Mushrooms? Don’t people usually try to get rid of those? Yep. But as poet Sylvia Plath points out, no matter how hard you smother them or stomp on them, they slowly peek through the cracks and grow- just like women. This sounds like an odd comparison but Sylvia Plath’s poem “Mushrooms” demonstrates the similarity of the growth of mushrooms and the rise of women to power. This was particularly prominent about a decade before her time when the women’s suffrage movement in the United States had reached its height via the adoption of the 19th amendment in 1920.

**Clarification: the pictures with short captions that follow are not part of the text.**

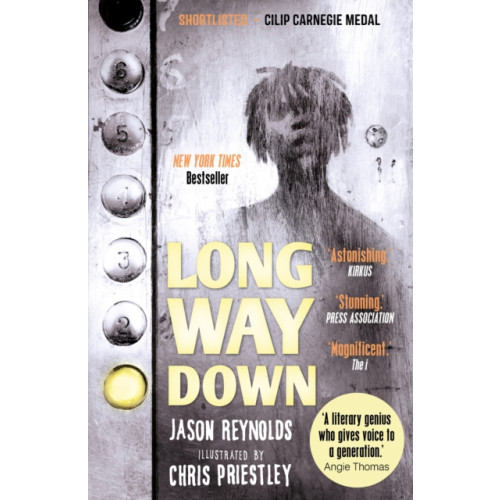 Faber & Faber Long Way Down (häftad, eng)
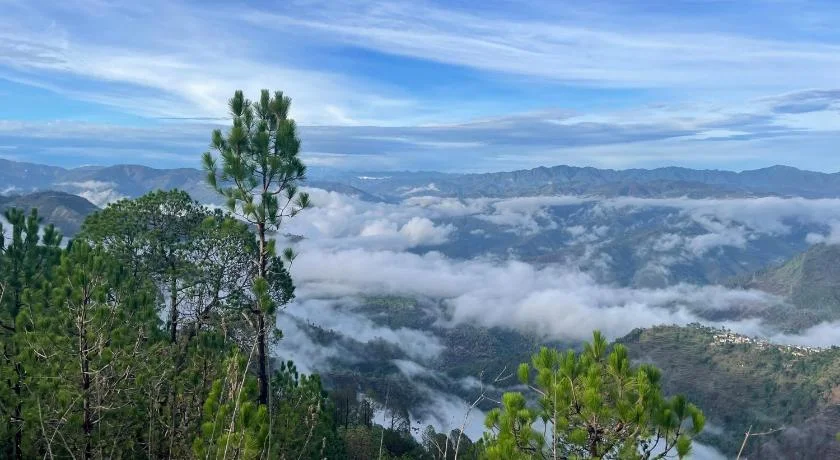 A peaceful village road in Khirsu lined with apple orchards and mountain views.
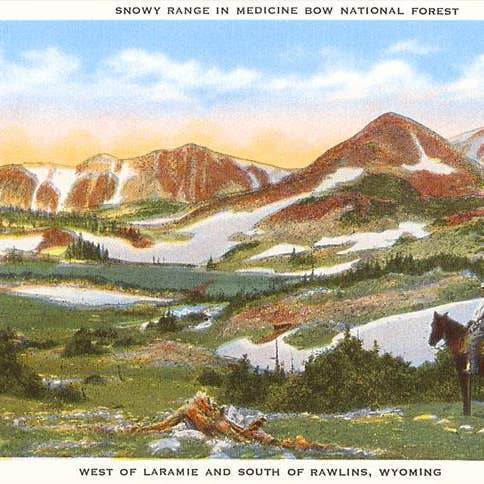 Found Image Press - Vendita all'ingrosso Stampa artistica - Stampa d'arte WY-71 Snowy Range, Foresta Nazionale di Medicine Bow, W0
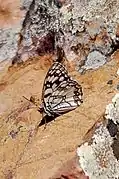 西班牙白眼蝶Melanargia ines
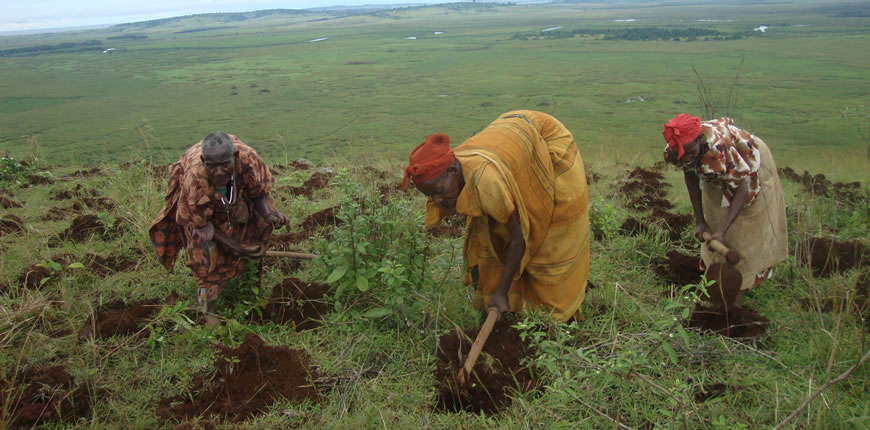 Planting Trees was recommended as biggest way to slow down climate change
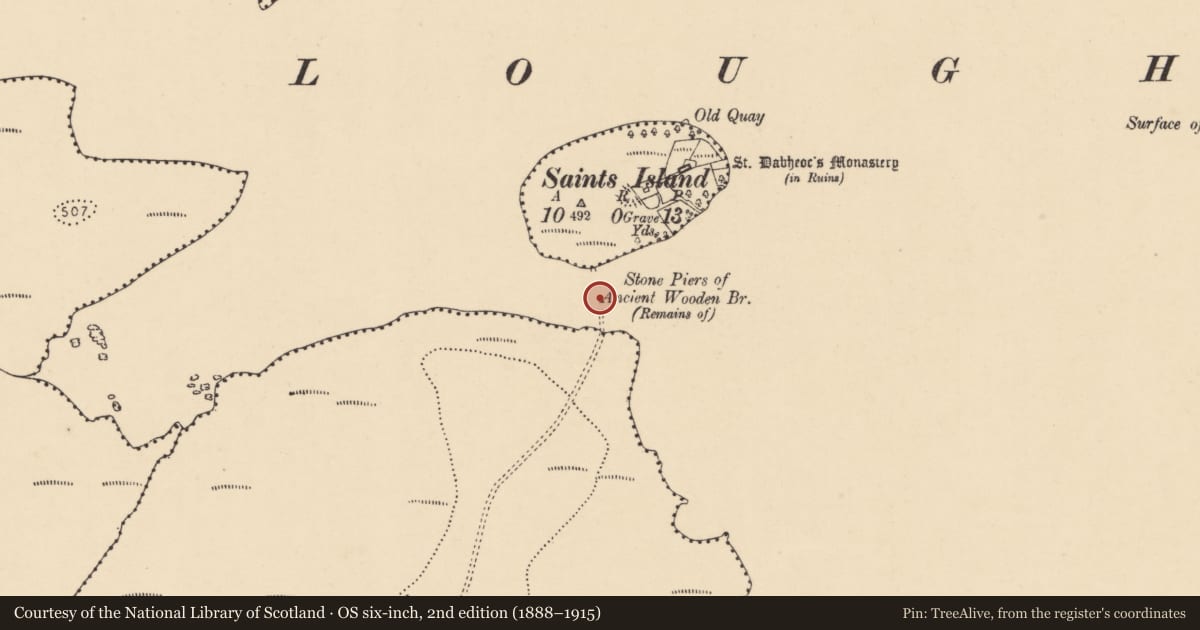 Ordnance Survey six-inch map, 2nd edition (1888–1915) covering the location of Bridge, Lough Derg, County Donegal, with a pin at the register's coordinates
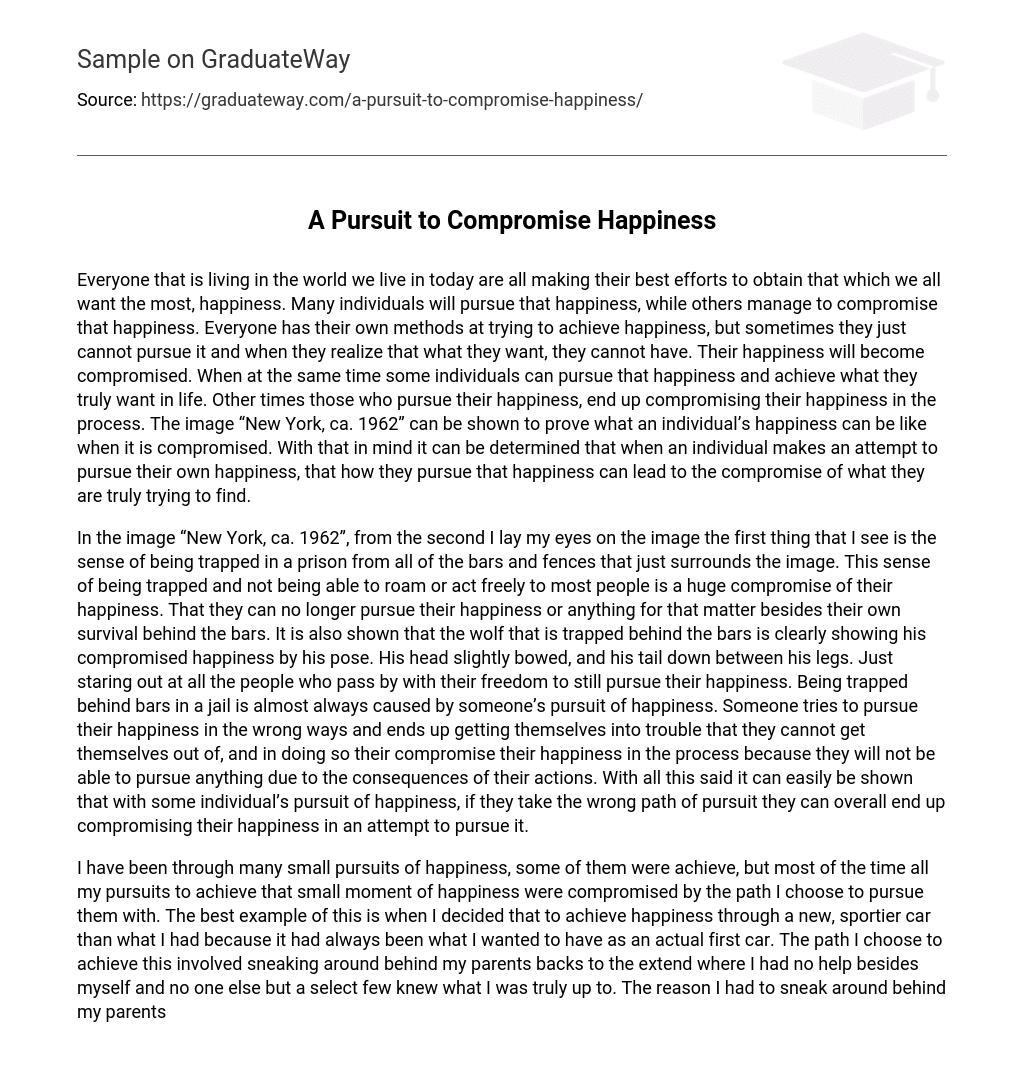 A Pursuit to Compromise Happiness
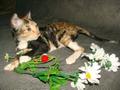 Породистый котёнок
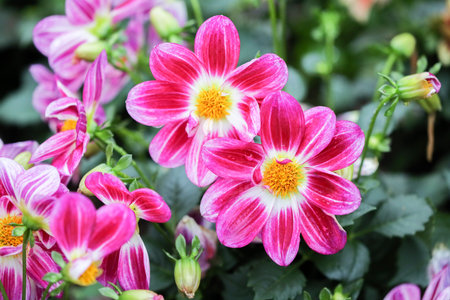 Colorful patterned blossoms rise among dense green garden foliage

I think Plath was a genius. Her poems such as “Daddy,” “Ariel,” “Mad Girl’s Love Song,” and “Mirror” are the reason she was named “one of the most celebrated and controversial of postwar poets writing in English” by Joyce Carol Oates in The New York Times Book Review. A lot of her own troubles are reflected in her poetry including her difficult relationship with her father and her problematic marriage with poet Ted Hughes. Her ability to leave behind all sugar-coatings and roundabouts and just tell it like it is is what makes her poetry so compelling. The simple truth. Straightforward. No beating around the bush. It’s fantastic.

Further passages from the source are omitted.